§ REQUIREMENT
In the records below, find the line that contains "The Giraffes and Peter" and the line that contains "Diamond C Farm Sales LB", then retype exactly those two lines and every line between them.

§ DATA FOR REVIEW
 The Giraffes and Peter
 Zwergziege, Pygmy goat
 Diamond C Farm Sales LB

---

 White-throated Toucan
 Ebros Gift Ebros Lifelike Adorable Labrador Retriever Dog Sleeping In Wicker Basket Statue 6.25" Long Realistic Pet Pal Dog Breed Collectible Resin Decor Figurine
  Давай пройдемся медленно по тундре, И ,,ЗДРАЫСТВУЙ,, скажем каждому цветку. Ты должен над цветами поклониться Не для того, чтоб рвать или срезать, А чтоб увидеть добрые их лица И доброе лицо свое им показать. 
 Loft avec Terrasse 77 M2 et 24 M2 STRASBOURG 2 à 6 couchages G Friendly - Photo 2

§ RESULT OF THE EXERCISE
 The Giraffes and Peter
 Zwergziege, Pygmy goat
 Diamond C Farm Sales LB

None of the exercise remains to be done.